Monday, August 10, 2009
Caroline Johnson Hodge: Gentile Kinship in Christ
NB: If interested, I have written a complete review of If Sons, Then Heirs, in the Journal of Beliefs and Values. See: Caroline Johnson Hodge, If Sons, Then Heirs: A Study of Kinship and Ethnicity in the Letters of Paul. (Oxford: Oxford University Press, 2007), Journal of Beliefs and Values volume 29, no. 1 (August 2008): 217-19.
The framework of multiple identities serves as the interpretive grid for Caroline Johnson Hodge. She resists the universalism and particularity binaries when discussing identity and maintains ‘that Paul uses embodiedness to construct universalizing arguments, arguments that revolve around an embodied Israel and assume its continued election’ (2007: 127-28). Central to her approach is challenging ‘the traditionally popular notion that Paul advocates the melding of differences into one “Christian” identity’ (127). She remarks ‘although Ioudaioi and gentiles now share a common ancestor, Paul does not collapse them into one group (of “Christian,” for example). Gentiles-in-Christ and Jews are separate but related lineages of Abraham’ (5). For Hodge, ethnicity and kinship language is central for Paul’s rhetorical constructs (4). In this way, her work resonates with the ethnic reasoning of Denise Buell.

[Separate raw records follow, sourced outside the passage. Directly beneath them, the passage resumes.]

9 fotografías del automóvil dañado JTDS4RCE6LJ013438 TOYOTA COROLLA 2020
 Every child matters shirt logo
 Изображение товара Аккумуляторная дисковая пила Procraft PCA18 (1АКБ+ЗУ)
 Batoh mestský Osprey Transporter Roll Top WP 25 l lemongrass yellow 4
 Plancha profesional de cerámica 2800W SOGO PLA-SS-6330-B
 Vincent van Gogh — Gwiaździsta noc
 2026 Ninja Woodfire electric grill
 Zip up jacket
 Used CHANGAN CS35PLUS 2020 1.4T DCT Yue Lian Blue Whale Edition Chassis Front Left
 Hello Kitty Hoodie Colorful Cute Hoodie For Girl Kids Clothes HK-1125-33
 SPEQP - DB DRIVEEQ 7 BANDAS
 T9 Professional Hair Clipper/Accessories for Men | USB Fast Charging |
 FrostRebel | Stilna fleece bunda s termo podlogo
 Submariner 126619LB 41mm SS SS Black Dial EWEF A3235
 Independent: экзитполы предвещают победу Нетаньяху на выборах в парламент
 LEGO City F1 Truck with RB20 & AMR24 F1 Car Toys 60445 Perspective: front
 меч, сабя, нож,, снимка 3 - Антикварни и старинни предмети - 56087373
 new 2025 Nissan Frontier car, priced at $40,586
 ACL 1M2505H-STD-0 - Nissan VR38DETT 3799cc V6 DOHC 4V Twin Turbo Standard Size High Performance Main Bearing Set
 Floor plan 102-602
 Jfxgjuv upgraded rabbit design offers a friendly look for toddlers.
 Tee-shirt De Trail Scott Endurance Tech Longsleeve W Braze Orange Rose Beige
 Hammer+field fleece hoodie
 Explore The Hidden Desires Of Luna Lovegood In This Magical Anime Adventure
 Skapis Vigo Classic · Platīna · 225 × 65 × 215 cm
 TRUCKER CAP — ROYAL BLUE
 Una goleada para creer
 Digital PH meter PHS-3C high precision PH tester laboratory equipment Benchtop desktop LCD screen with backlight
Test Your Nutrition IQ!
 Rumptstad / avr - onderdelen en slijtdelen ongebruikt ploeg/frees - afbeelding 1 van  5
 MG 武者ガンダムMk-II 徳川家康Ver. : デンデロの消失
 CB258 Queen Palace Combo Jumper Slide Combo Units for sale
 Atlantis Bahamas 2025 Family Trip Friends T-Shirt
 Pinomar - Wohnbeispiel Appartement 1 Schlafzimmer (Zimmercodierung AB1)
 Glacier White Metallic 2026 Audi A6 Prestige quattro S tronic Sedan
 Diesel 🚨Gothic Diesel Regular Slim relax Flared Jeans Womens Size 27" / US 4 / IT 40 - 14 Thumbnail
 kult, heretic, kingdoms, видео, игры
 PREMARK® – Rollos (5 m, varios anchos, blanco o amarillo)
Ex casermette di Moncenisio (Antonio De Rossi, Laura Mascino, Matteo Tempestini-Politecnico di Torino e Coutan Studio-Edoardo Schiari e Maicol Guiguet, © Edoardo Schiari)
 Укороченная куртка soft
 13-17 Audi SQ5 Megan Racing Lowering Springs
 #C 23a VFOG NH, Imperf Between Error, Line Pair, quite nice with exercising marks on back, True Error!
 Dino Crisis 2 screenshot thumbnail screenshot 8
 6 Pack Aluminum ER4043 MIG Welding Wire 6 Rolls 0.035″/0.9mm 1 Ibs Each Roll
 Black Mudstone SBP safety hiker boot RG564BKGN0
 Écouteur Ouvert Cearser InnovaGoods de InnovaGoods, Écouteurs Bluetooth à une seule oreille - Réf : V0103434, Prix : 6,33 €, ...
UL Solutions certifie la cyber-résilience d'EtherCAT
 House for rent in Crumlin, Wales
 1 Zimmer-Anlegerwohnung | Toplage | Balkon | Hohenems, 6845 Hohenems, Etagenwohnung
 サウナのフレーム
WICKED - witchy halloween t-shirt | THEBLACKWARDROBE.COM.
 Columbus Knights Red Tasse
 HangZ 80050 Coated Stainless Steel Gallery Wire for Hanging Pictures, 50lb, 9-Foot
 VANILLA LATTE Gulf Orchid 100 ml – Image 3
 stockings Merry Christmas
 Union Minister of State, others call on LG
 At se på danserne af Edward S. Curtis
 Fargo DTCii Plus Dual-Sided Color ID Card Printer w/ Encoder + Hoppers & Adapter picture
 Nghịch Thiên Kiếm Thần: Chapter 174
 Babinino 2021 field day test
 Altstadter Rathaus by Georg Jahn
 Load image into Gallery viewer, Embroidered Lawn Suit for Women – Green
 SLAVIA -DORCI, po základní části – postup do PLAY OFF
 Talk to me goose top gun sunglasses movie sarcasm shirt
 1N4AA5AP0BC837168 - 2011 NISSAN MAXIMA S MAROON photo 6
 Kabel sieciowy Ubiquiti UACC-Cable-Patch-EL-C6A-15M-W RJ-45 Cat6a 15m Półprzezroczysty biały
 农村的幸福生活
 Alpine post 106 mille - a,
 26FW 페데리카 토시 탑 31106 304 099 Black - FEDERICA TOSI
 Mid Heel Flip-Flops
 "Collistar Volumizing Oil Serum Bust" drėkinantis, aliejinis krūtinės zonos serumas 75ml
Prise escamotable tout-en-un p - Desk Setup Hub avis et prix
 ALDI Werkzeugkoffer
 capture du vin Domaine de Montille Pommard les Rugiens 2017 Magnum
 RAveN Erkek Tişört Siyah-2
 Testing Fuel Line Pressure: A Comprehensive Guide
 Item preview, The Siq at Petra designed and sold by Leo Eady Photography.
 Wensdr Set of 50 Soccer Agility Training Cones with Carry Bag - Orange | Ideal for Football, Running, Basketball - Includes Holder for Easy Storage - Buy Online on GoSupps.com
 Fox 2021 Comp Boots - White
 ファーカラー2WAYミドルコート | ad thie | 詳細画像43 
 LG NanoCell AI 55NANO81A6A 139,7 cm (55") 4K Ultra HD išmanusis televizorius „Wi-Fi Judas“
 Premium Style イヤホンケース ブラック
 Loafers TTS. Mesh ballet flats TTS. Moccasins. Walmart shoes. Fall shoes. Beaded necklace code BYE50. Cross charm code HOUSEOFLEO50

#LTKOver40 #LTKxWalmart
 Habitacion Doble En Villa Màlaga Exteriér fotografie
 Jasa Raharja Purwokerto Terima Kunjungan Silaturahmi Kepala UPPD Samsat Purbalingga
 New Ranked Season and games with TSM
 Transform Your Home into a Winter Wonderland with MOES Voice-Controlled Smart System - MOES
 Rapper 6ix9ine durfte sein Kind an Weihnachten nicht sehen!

Consideration of the transitional nature of Paul’s identity and the fact that he never left Judaism are central tenants to her understanding of the way Paul sought to form gentile ‘in Christ’ identity ‘as an “entrepreneur of identity,” Paul manages both the multiple facts of his own identity as a teacher of gentiles and the new possibilities of aggregate identity for gentiles-in-Christ’ as he teaches them (120). She rightly understands Paul as one who never broke from Judaism but incorporated the concept of ‘adaptability’ into his teaching (121-25; 1 Cor 9:19-22). While Paul’s ministry shows evidence of adaptation to his audience, the example provided by Hodge (i.e. Philodemus) would have been more convincing if there was evidence of this approach within the Hebrew Scriptures. Her understanding of identity hierarchies is instructive and her kinship reading of ‘in Christ’ is most helpful (131-32), though it could be extended by also understanding ‘in Christ’ as a social identity. She comes close to this view with regard to Gal 3:28 where she notes, ‘Paul calls for a unity of those in Christ, but not an erasure of other identities. We might imagine this “in-Christness” superimposed over other facets of identity, like being called in the 1 Corinthians passage above’ (126). For Hodge, gentiles are now ‘within the larger network of Israel’. They do not have ‘to become Ioudaioi or cease to be Greeks, but he expects gentiles-in-Christ to make radical adjustments to their identities’. Hodge continues, ‘they must give up their gods and religious practices in order to proclaim loyalty to the God of Israel; they must accept Israel’s messiah, scriptures, stories of origin, ethical standards, and even ancestry’ (131). In this way, Hodge’s work extends that of both William S. Campbell and Denise Buell, though some of her exegetical decisions (e.g. seeing Paul only writing to gentiles, the centrality of Abraham when he is not mentioned in 1 Corinthians) may limit the usefulness of her approach when applied to 1 Corinthians. The most significant weakness of her approach, however, is that she over-estimates the fluid nature of identity.
Buell, D.K. 2005 Why This New Race Ethnic Reasoning in Early Christianity (Gender, Theory, and Religion (New York: Columbia University Press).
Buell, D.K. and C.J. Hodge 2004 ‘The Politics of Interpretation: The Rhetoric of Race and Ethnicity in Paul’, JBL 123: 235-251.
Campbell, W.S. 2006 Paul and the Creation of Christian Identity (LNTS, 322; London; T&T Clark).
Johnson Hodge, C.E. 2007 If Sons, Then Heirs A Study of Kinship and Ethnicity in the Letters of Paul (Oxford: Oxford University Press).